In the photo above, Marilyn hugs Tom Ewell – with whom she had recently filmed The Seven Year Itch – as Louise King, who had just taken the same role at the Fulton Theatre on West 26th Street in Manhattan, looks on. “I love it,” she laughingly told the Sarasota Observer in 2011, “because Tom’s looking at me” (and not Marilyn).
The photo was probably taken in February 1955, soon after Marilyn moved to New York. The Broadway production of The Seven Year Itch had opened in 1952, with Ewell starring as Richard Sherman and Vanessa Brown as ‘The Girl.’ Louise King had stepped into the role in January 1955, and while a new cast took over in March, she would soon go on tour with Ewell. The big-screen adaptation opened in June.
Louise was born in Wabash, Indiana in 1932. Her father, Andrew Courdier, was a diplomat who became a special assistant to two secretaries general of the United Nations. She gave up an interior design course in New York to try modelling, and then acting. At eighteen she married actor John Michael King – her neighbour on Long Island – but they drifted apart when she went on the road in Mister Roberts, playing a part originally written for Eva Marie Saint.
A year later Louise was offered the role of understudy in The Seven Year Itch, but refused – and was given the part outright. ‘My name was in lights on my second job,’ she recalled. ‘That just about never happens.’ In 1956, she met her second husband – the English racing driver Peter Collins – while on tour in Miami. They were introduced by fellow driver Stirling Moss. ‘We met on a Monday at Coconut Grove Playhouse, while I was doing the The Seven Year Itch,’ she remembered. ‘On Wednesday, he asked me to marry him.’
Louise was one of several young women – including movie starlet Linda Christian – who became media favourites on the racing circuit. Sadly, she had been married for only eighteen months when Collins died, aged 26, after crashing his car at the Nürburgring in Germany. Describing him as ‘the great love of my life,’ Louise reflected, ‘It was the most wonderful year-and-a-half.’

She returned to the stage at the invitation of Peter Ustinov, touring as Juliet in his Romanoff and Juliet.

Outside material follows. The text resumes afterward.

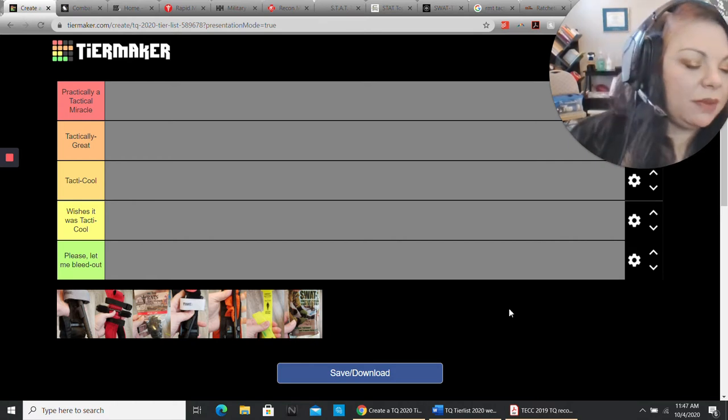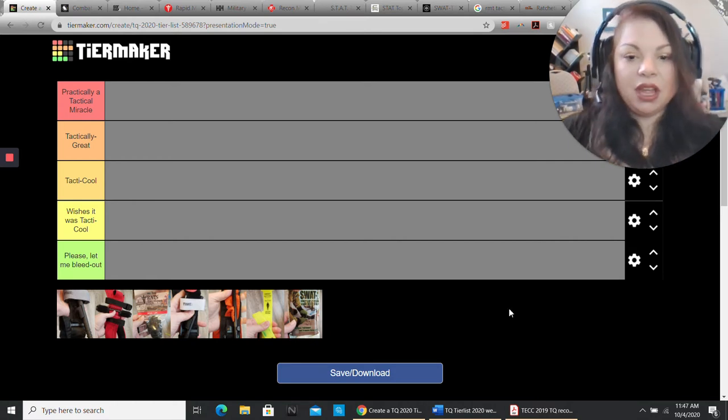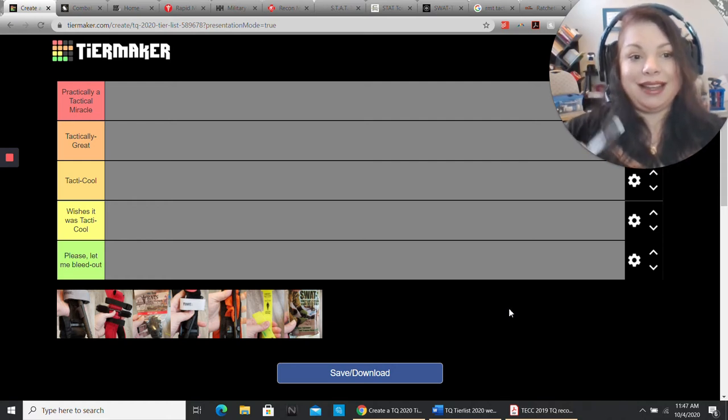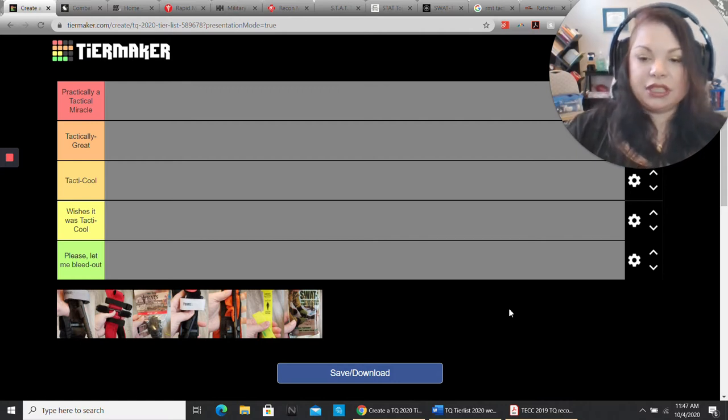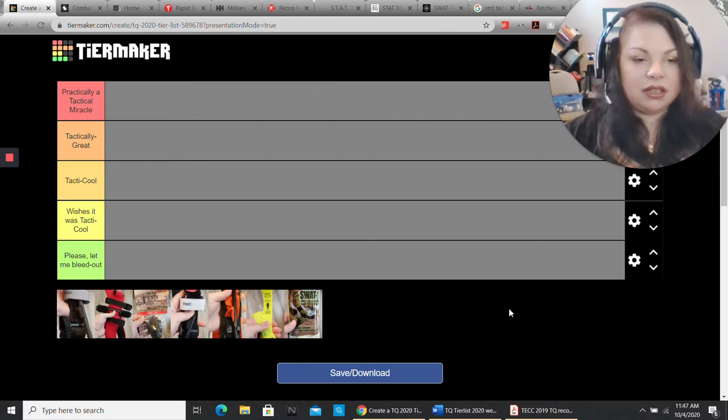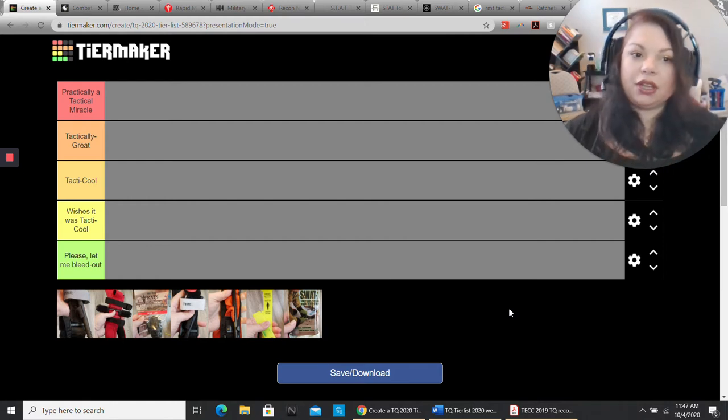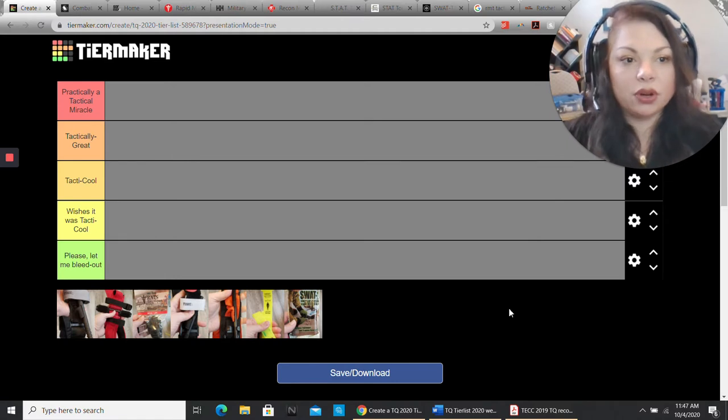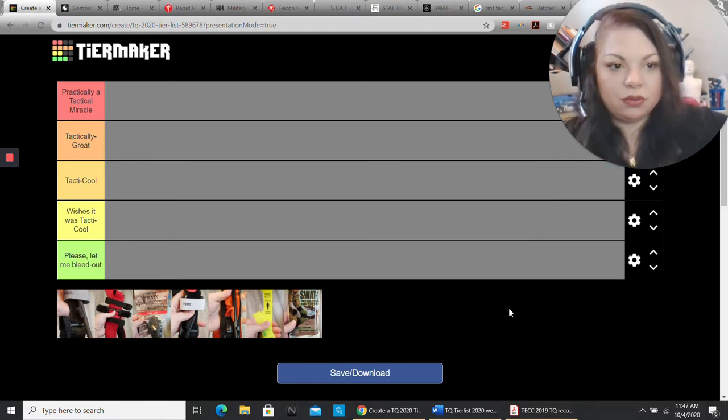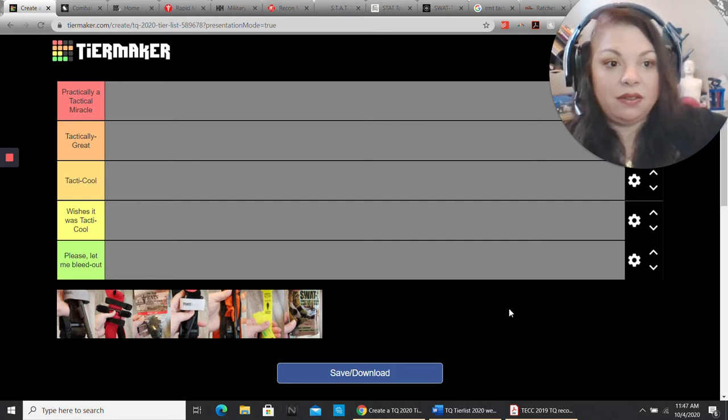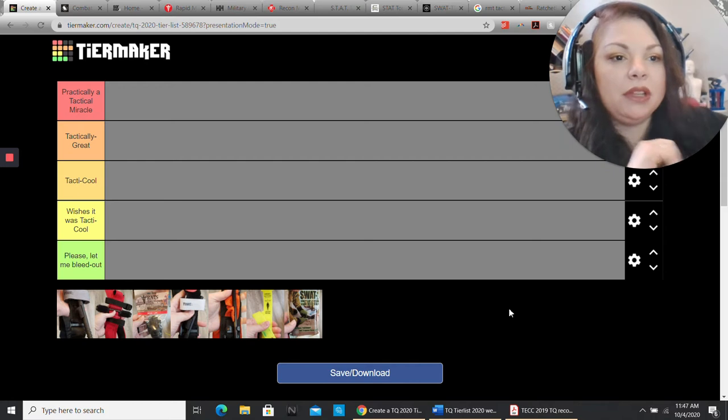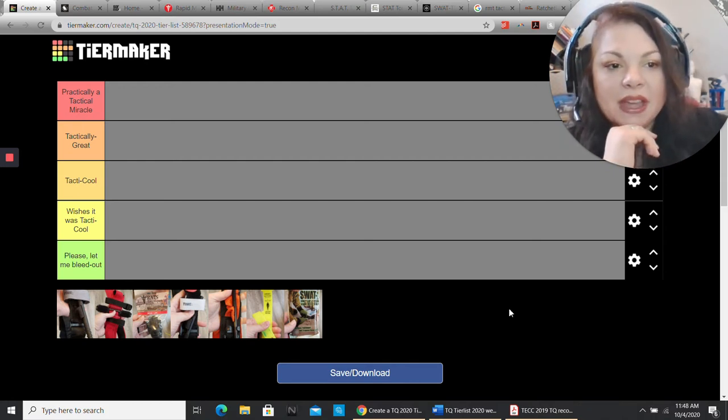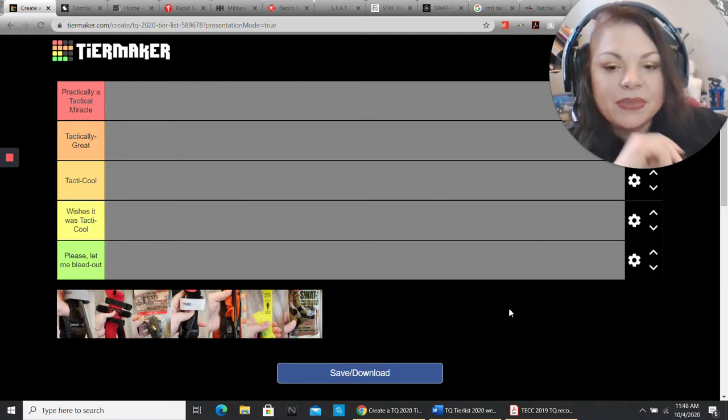We are going to be talking about my tourniquet tier list. All the pictures that you're going to see are pictures that I took of products that I actually own. I purchased these, I have used these. I will leave a list of all my links down in the description box. This video is probably going to be two parts, if not three.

In 1959, she joined the panel of the British TV quiz show What’s My Line? She also played occasional dramatic roles (as Louise Collins), including a 1963 episode of The Saint. Back in the US, she became a co-anchor of The Today Show. ‘It was my most interesting job,’ she said. ‘Whatever they did yesterday, they’d come in today and talk about it. It was a constant influx of interesting people and interesting happenings.’
In later years, Louise worked in real estate in Connecticut, and lived in Sarasota, Florida with her third husband, the Canadian screenwriter and film producer Gordon Burwash. After his death in 1980, she was active in her church and volunteered at a local history museum in Sarasota, while making regular trips to New York to catch up on the theatre. In 2017 she reminisced about her youthful adventures in a British-made documentary film, Ferrari: the Race to Immortality.
Louise King died on August 19, 2021, aged 88, The Guardian reports.